Outro núcleo expositivo tem curadoria e pesquisa de Bruno Pinheiro e presta homenagem a Wilson Barcelos Tibério, artista gaúcho radicado no Rio de Janeiro, que teve sua primeira exposição individual no Quitandinha, em 1946. As telas expostas retratam o interesse contínuo do pintor em documentar o cotidiano de pessoas negras.

Para celebrar os 70 anos da primeira exposição de arte abstrata do Brasil, realizada em 1953 no então Hotel Quitandinha, esse núcleo apresenta peças de artistas que participaram da mostra, com destaque para Anna Bella Geiger, que, aos 90 anos, é um dos nomes mais importantes em atividade no país. O público terá acesso a trabalhos exibidos em 1953 e a produções inéditas.
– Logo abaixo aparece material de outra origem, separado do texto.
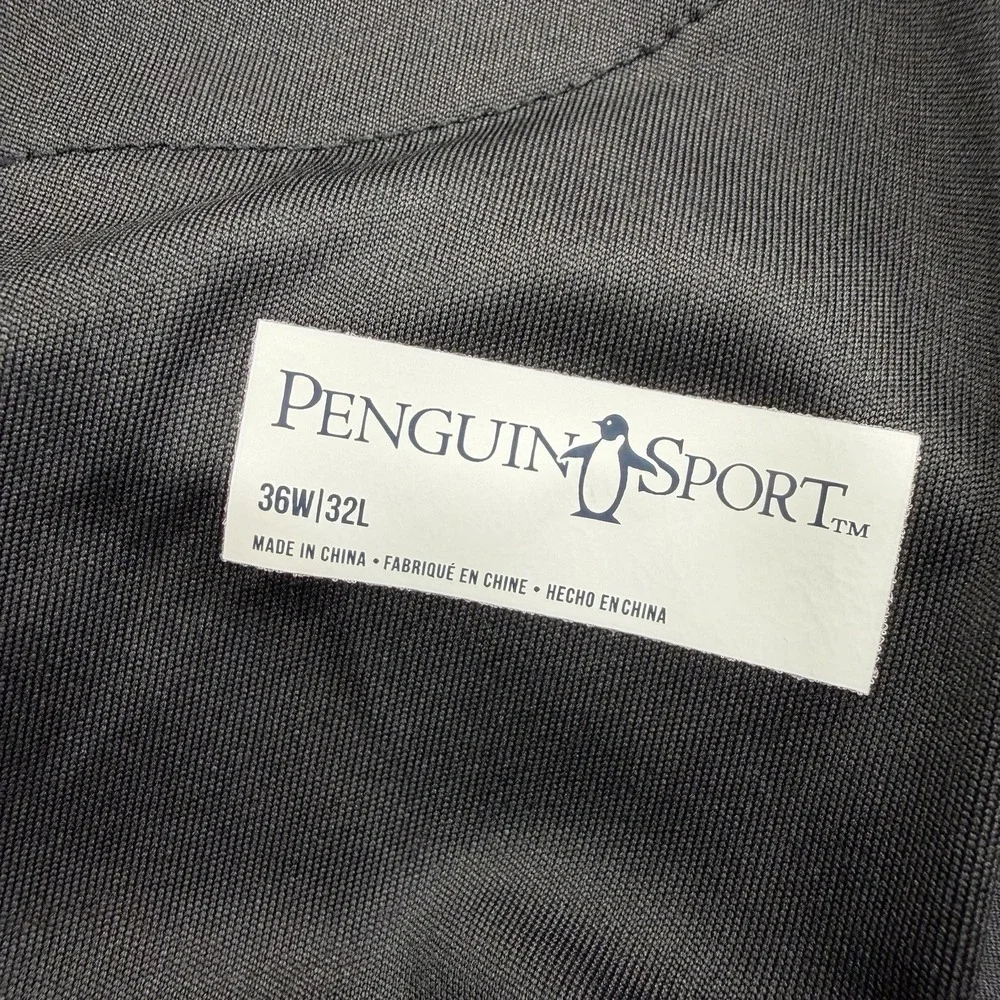 Penguin Sport Tech Golf Pants Mens 36x32 Caviar Black 5 Pocket Performance New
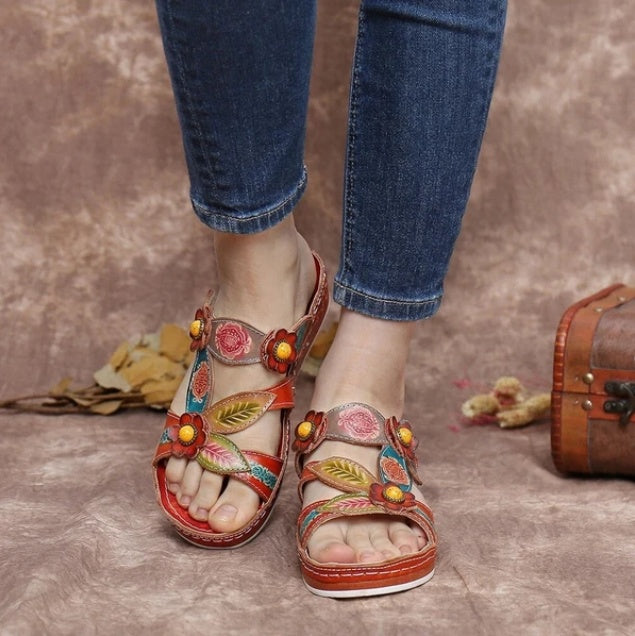 Flat Sandals Velcro Female Slippers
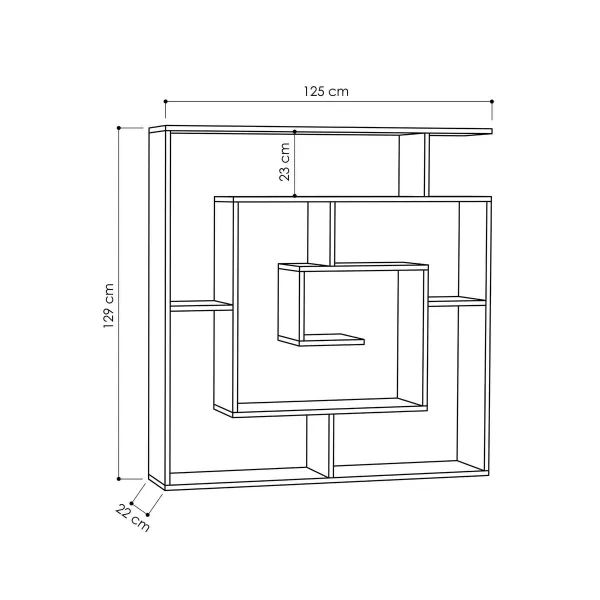 Plaukti Alexandra House Living Дуб Koks MDP 125 x 129 x 22 cm Labirints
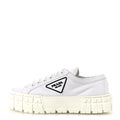 Prada Re-Nylon Gabardine Women's Double Wheel Sneakers 40 White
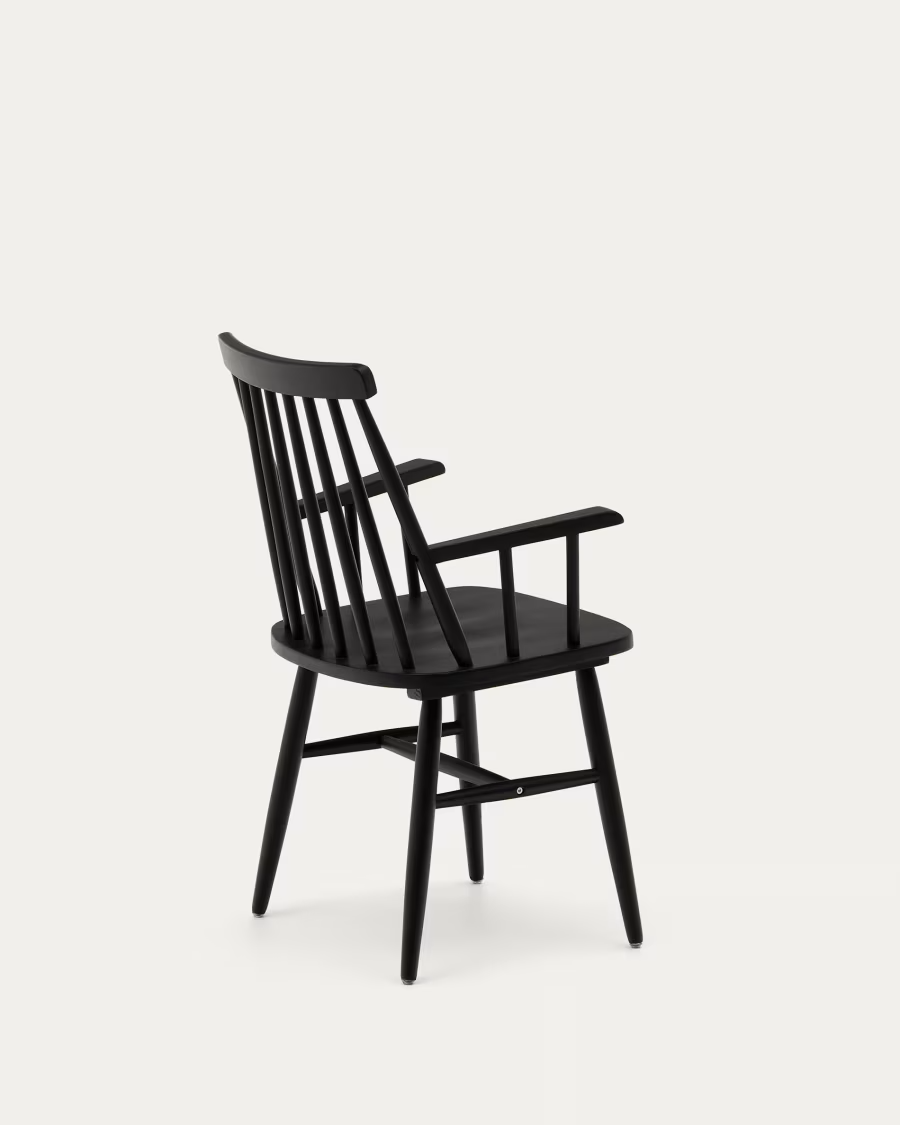 Kave Home Black Tressia chair with armrests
Na varanda, pode ser vista exposição de imagens, documentos, áudios e objetos dos primeiros anos de funcionamento do hotel. Com pesquisa e o desenvolvimento de Ana Cunha, Flávio Menna Barreto e Jeff Celophane, esse núcleo conta a história e mostra diferentes facetas do empreendimento, em um ambiente com sons e músicas de época. Inaugurada um ano antes do fim da segunda guerra mundial, a edificação foi palco da Conferência Interamericana para a Manutenção da Paz e da Segurança no Continente, em 1947.

A sexta parte é um elemento novo. “A gente convida um artista do grafite que cria, inspirado em Tomás Santa Rosa, seres marinhos. Ele faz uma grande água-viva de quase dez metros de altura. É um trabalho inflável que ocupa o grande salão azul”, informou Marcelo Campos. Iluminada por luzes LED, a arte ocupa o Salão Mauá, a cúpula do centro cultural. Assinada pelo artista plástico paulistano Felipe Yung, a peça dialoga com as obras de Tomás Santa Rosa, que, inspiradas no livro Vinte mil léguas submarinas, de Julio Verne, decoram a piscina interna do edifício. O espaço, até então fechado ao público, é aberto à visitação pela primeira vez para apreciação das obras.

Multicultura

Marcelo Campos informou ainda que a programação inclui também shows musicais, bailes e espetáculo de teatro, além de seminários, palestras e oficinas. O acesso às atividades pode ser feito por meio do Instagram.

A exposição estará aberta de terça-feira a domingo, das 11h às 18h, no Centro Cultural Quitandinha. A entrada é franca para todas as atividades.